Training a new G2P model¶
Another tool included with MFA allows you to train a G2P (Grapheme to Phoneme) model automatically from a given pronunciation dictionary. This type of model can be used for generating dictionaries. It requires a pronunciation dictionary with each line consisting of the orthographic transcription followed by the phonetic transcription. The model is generated using the Phonetisaurus software, which generates FST (finite state transducer) files.
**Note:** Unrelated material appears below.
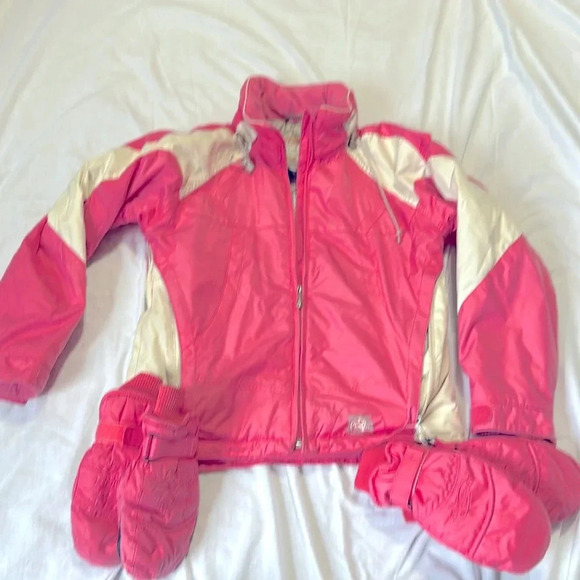 Obermeyer Pink Ski /Winter Coat w/ gloves Girls 14 - Picture 1 of 11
The G2P model output will be a .zip file like the acoustic model generated from alignment.
Use¶
To train a model from a pronunciation dictionary, the following command is used:
bin/mfa_train_g2p /path/to/dictionary/file /path/to/output/dictionary
Extra options:
- --window_size NUM_PHONES¶
This should be used if there are instances of a single orthographic character corresponding to more than 2 phones (common in Korean hangul, Chinese character orthography, etc.).
Example¶
In Montreal-Forced-Aligner/examples/
you will find a small Chinese dictionary. It is too small to generate a usable model, but can provide a helpful example. Inputting
bin/mfa_train_g2p Montreal-Forced-Aligner/examples/chinese_dict.txt Montreal-Forced-Aligner/examples/CH_test_model
This should take no more than a few seconds, and should produce a model which could be used for generating dictionaries
Note
Because there is so little data in chinese_dict.txt, the model produced will not be very accurate. Thus any dictionary generated from it will also be inaccurate.